First, you have to be in the right place geographically. You have to be on the right coastline, at the right time, when the swell, wind, and tide are all perfect. And you have to choose the right surf spot—in this case, a secluded strip of sand somewhere in the desert.
Then, you have to be at the right place in the lineup—which, when it comes to tuberiding, usually means the most critical section of the wave. This becomes even more difficult when surfing over sand, as shifting peaks make being in the right spot as much about luck as it is about learning. And you have to be in the right place in the pecking order, otherwise you won’t have an opportunity when the perfect wave finally comes.
Of course, you also have to choose the right wave, which isn’t always as simple as it sounds. It is far too easy to froth out on the first wave of a set, only to kick out of a fun-but-not-overwhelming ride only to watch the next wave drain off and spit in your face.

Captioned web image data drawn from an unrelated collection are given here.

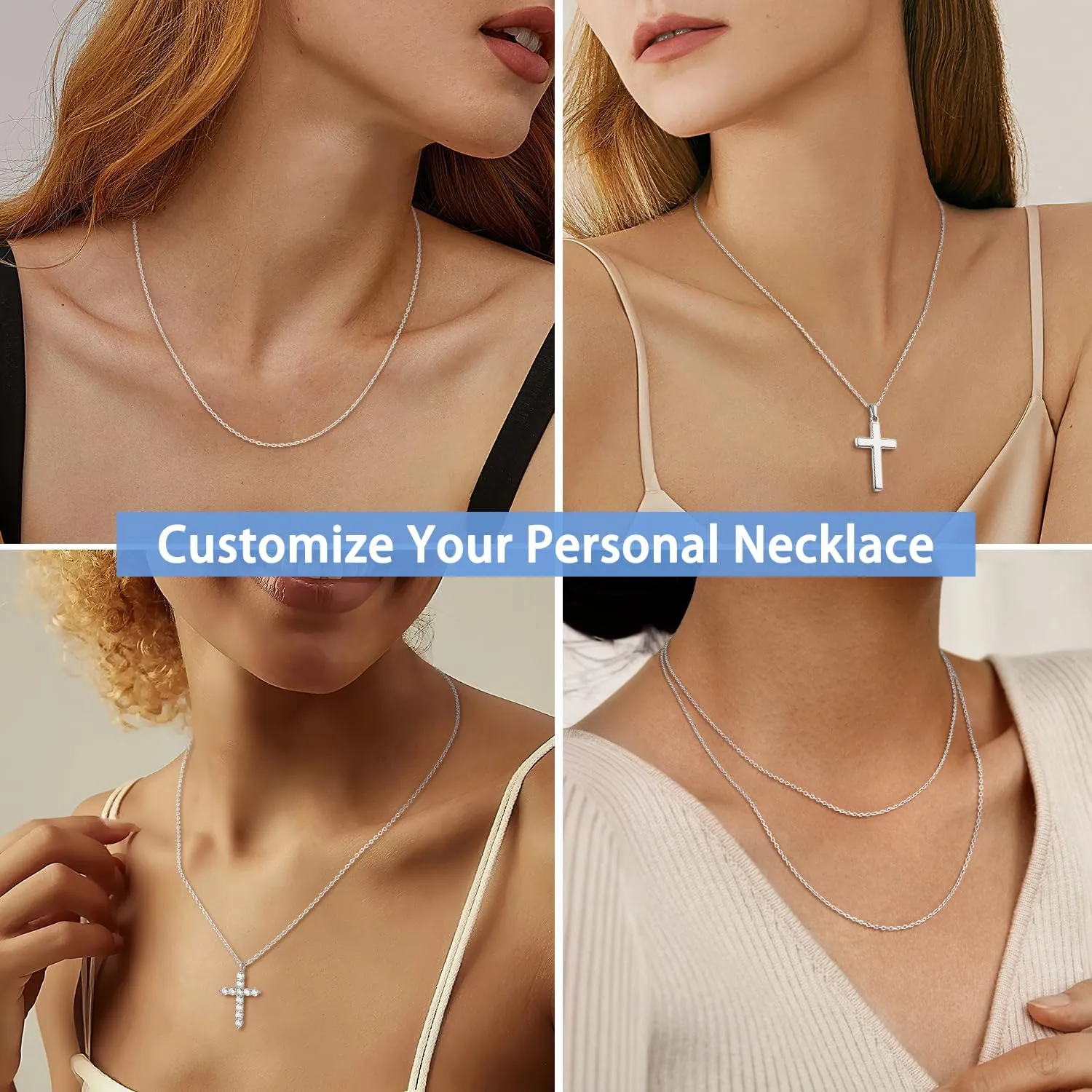 Jewlpire Real 1.2mm Cable Chain 925 Sterling Silver Chain Necklace for Women, 14K Gold Chain for Women Dainty Women's Chain Necklaces, 14 16 18 20 22 24 26 Inch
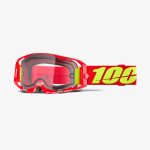 100% Armatic Enduro MOTO DUAL PANE RED - Clear Goggles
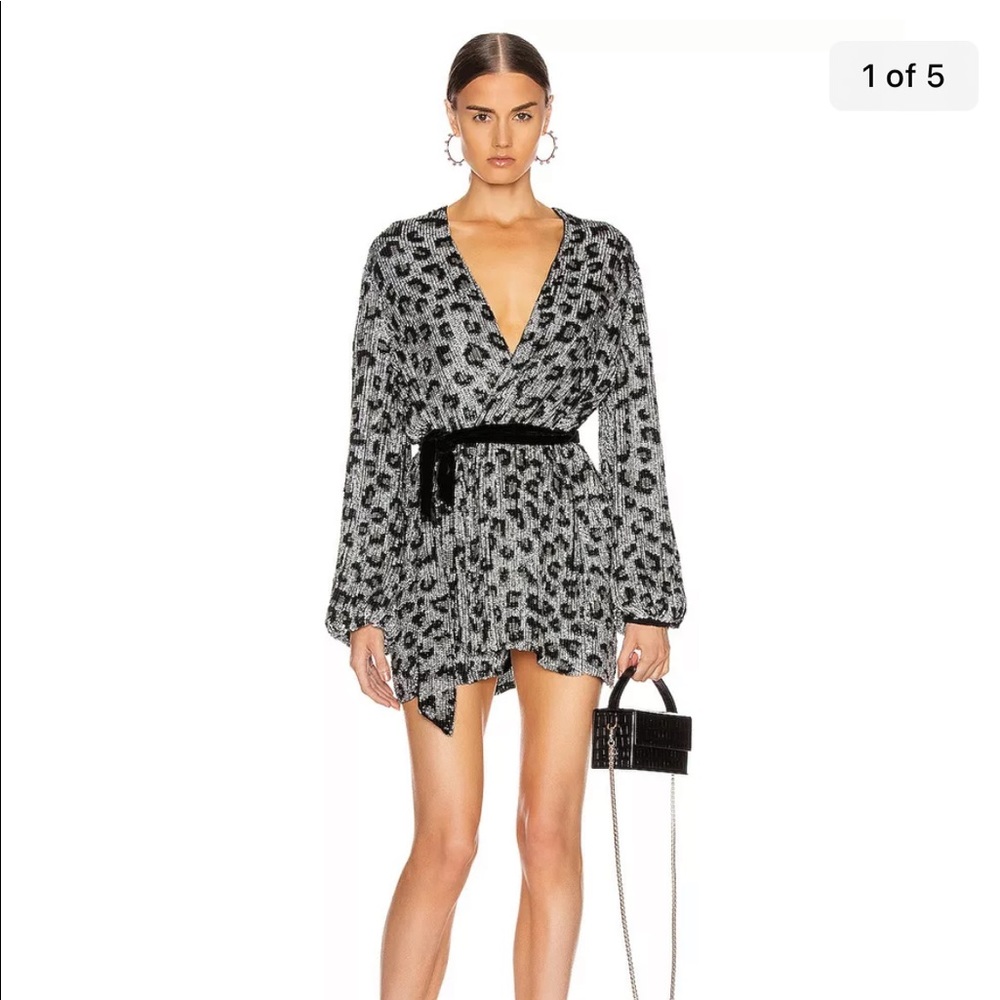 Retrofete Gabrielle wrap dress NWT small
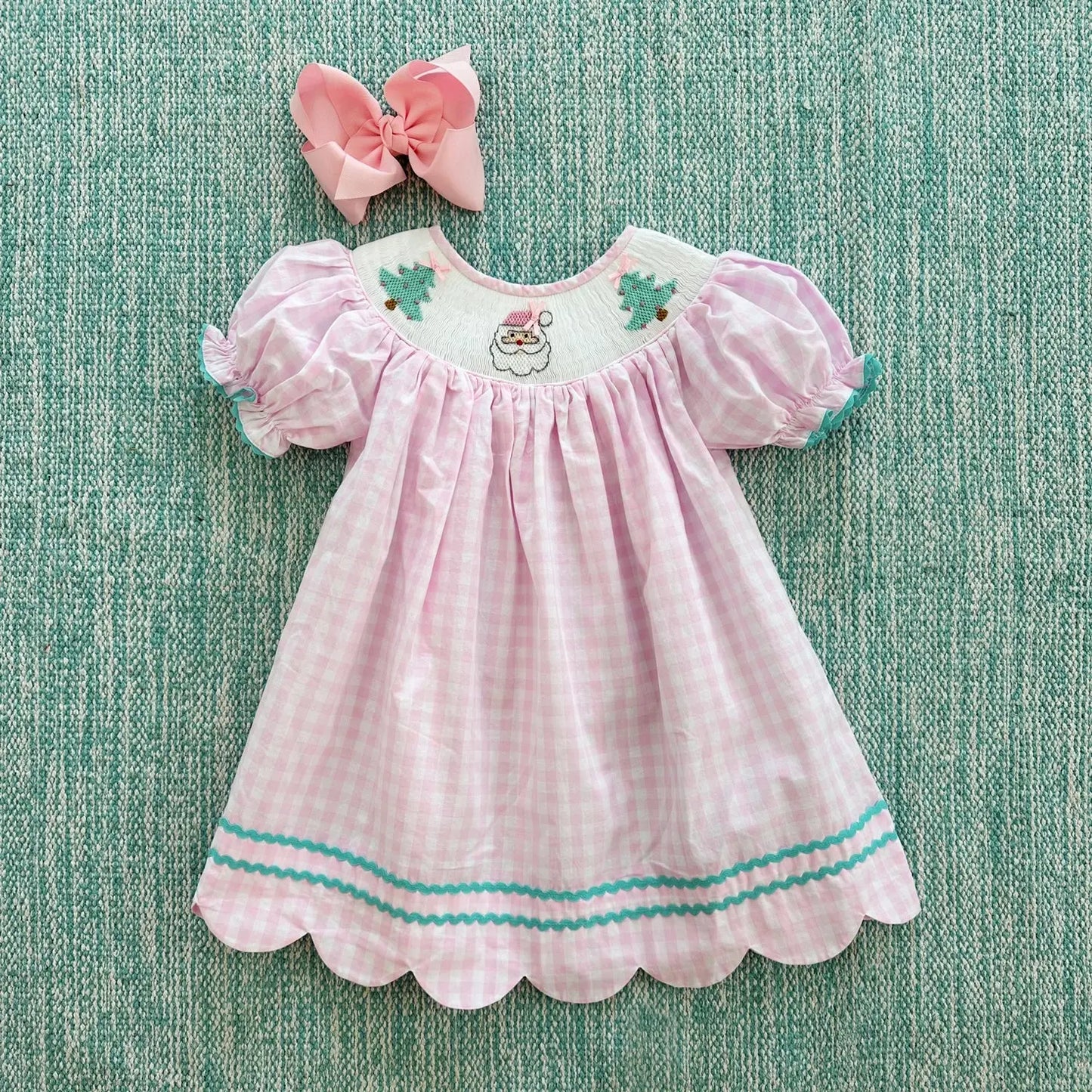 Smocked Christmas Dress - Latchkey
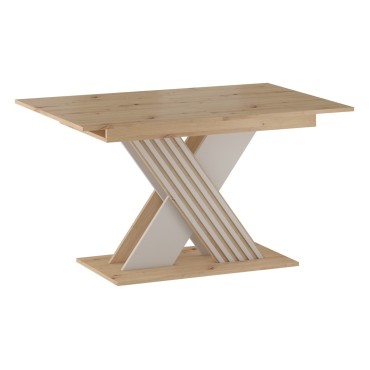 Stół rozkładany Brevas 130/175x85 dąb artisan/kaszmir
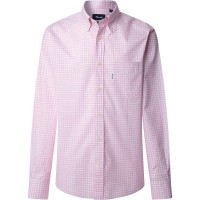 риза,с,дълъг,ръкав,мъжки,ризи,façonnable,vichy,long,sleeve,shirt,dusk,purple,(pink)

And even if you do choose the right one, you still have to make it, which requires being in the right headspace.
If you are too distracted, you won’t make the drop. If you are too timid, you won’t pull in. If you are too greedy, you won’t come out. If you are too deep, you will get gobbled by the foamball, and if you aren’t deep enough, you’ll have to settle for a pocket ride.
If you think about it, there’s a lot that can go wrong for the would-be barrel rider—far more than cactus-flatted tires and federale shakedowns. But if you do everything right, in the right place and at the right time, you might just find yourself locked into a life-changer. And maybe that’s why getting barrelled feels so good. For a few brief seconds, it doesn’t matter where you came from in life, or where you are going—in that moment, you are right where you’re supposed to be.